The Bears are losing their fan base and are doing nothing about it. Thinking that fans will stay through thick and thin, is ignorant and not addressing their true problems is cowardice.

The Bears may believe their brand trumps all, but it doesn’t anymore. The Cubs are the talk of the town, with the Blackhawks a close second. While the Bears hold a special place in this city, the ‘talk’ for the last 7 years has only been negative.

Bears fans are tired of rooting for firings. Shouldn’t they deserve to root for winning?

As the losing continues, so does the interest in the team. And if the Bears continue to stick to the status quo, deny transparency, and continue to misfire on player and even coaching evaluation, the downward trend will continue. The Bears need to make changes, but by keeping John Fox through the season, watching Dowell Loggains hold back Mitchell Trubisky’s development through unimaginative play-calling, and seeing draft picks and former players continue to fall out of the league or find success on other teams, what is there to watch?

The Bears offer their fans no enjoyment on Sunday afternoons. And if you think the fans are apathetic towards their team, it seems as though former Bears’ Director of College Scouting Greg Gabriel thinks the players are too.

The Bears don’t care, so why should you? If they fired John Fox and or Dowell Loggains, it would start a fire under everyone else in Halas Hall, telling them ‘this is not acceptable.’ Gabriel talked about this today on the Bernstein and Goff Show. But with the continued miscues and lack of communication with the fan base about the team’s direction, Bears fans have no reason to stick by the team if the team doesn’t offer them any incentive to do so.

Since the firing of Lovie Smith in 2012, the Bears will have had seven straight seasons of .500 football or worse. Fans are taking notice. Just look at the tweets below populated on Sports Mockery’s website this weekend.

From Emery to Trestman, to Pace to Fox, nobody is safe from blame. If the Cleveland Browns did not exist, the Chicago Bears, THE CHARTER FRANCHISE, would be the worst team in football over the last seven years, more importantly for the last four season, totaling 17 wins over that span as of Week 13 of the 2017 season.

Since the Bears won the Super Bowl in 1985, the seven-year playoff drought is their longest absence in over 30 years. How is that acceptable?

At the end of the season, when George McCasky holds his press conference and says at the podium that ‘mother is pissed,’ is that supposed to rile up Bears fans?

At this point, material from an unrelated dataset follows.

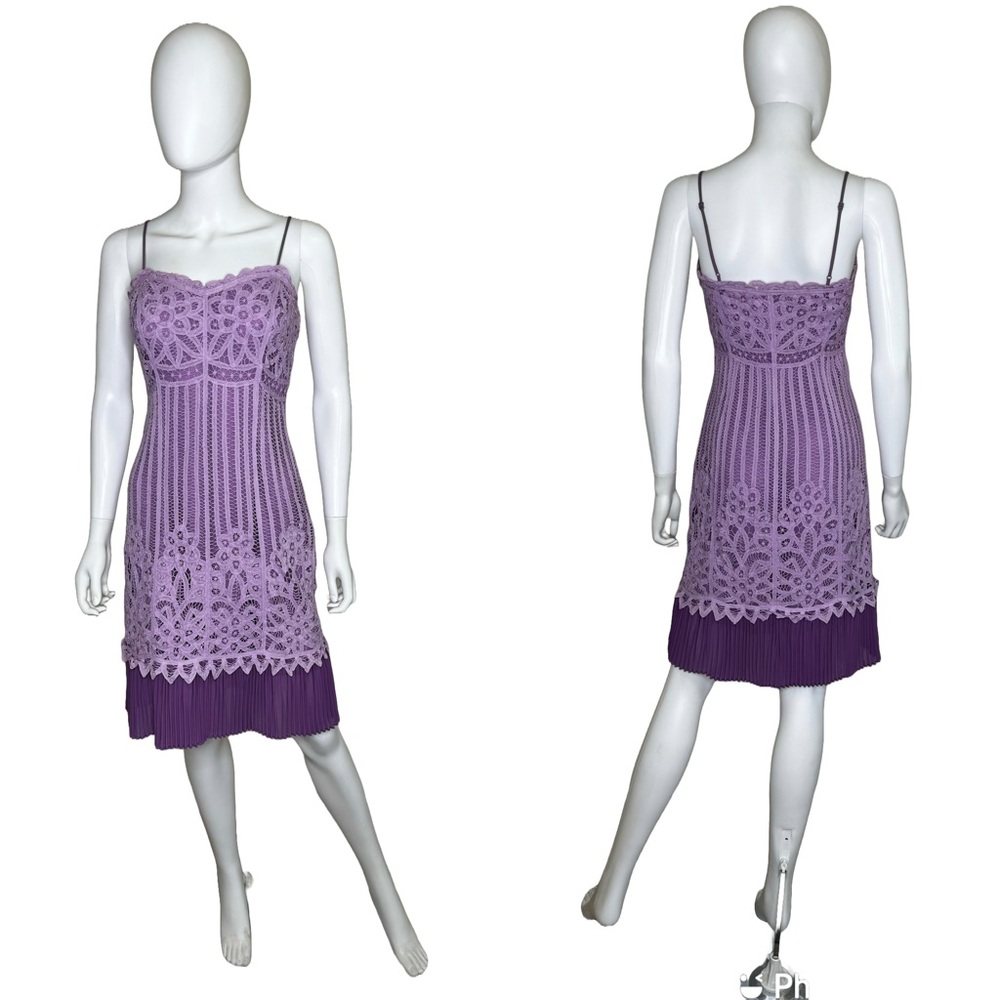 Betsey Johnson New York 90s Pleated Crochet Dress in Lavender/Purple size 4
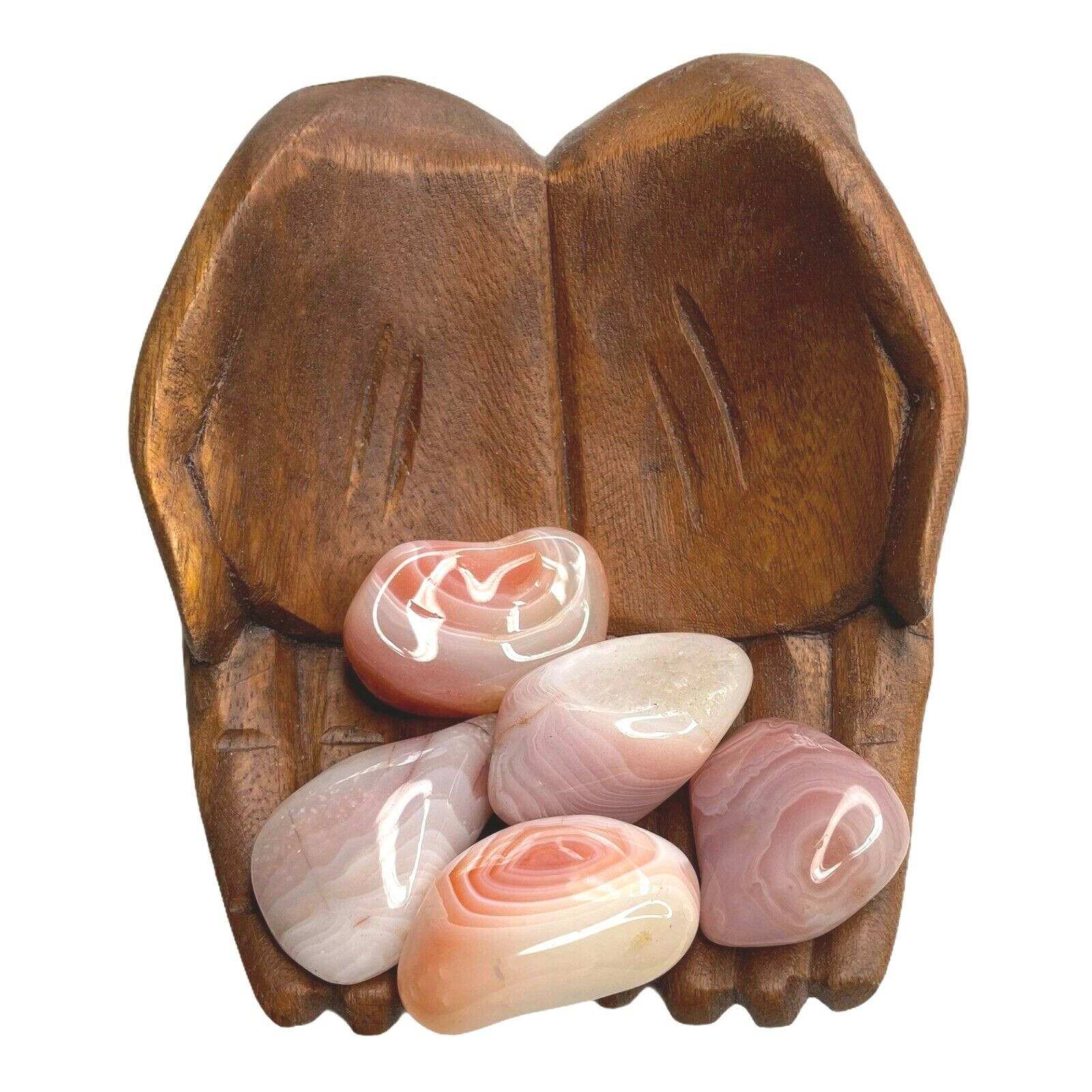 6X Apricot Agate Tumbled Stones 30-40mm Reiki Healing Crystals Cleanse the Aura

He said that last time, when the Bears let go Marc Trestman, but they seemed to not learn from their mistakes in hiring John Fox.

It is not the anger of his mother Virginia McCasky that George should be scared of; it is the anger of the Bears fans, his paying customers that he should be worried about.

The Bears buzz in this city is at an all-time low. People simply don’t care like they used to. Bears games used to always be appointment TV, and it is getting very hard to make it so. The Bears continue to stunt young players development, coupled with an off-message head coach and general manager and a product that really isn’t worth anyone’s time. Even long-time Bears’ fan and NFL reporter Hub Arkush cannot take it anymore.

And coming home after the game yesterday, seeing teams score with ease on the Red Zone channel, or watching Carson Wentz make miraculous throws from one knee, it really shows just how far the Bears are from competing at the NFL level. As fans continue to watch the Bears, and then watch the rest of the league, they will continue to turn off the Bears game and focus on the Red Zone channel, as they care more about their fantasy team then the one that plays on the Lakefront.

Apathy is a very scary thing, and the Bears need to take notice before losing a generation of fans who are hungry for football, but who can’t find any resemblance of it in their own Chicago team.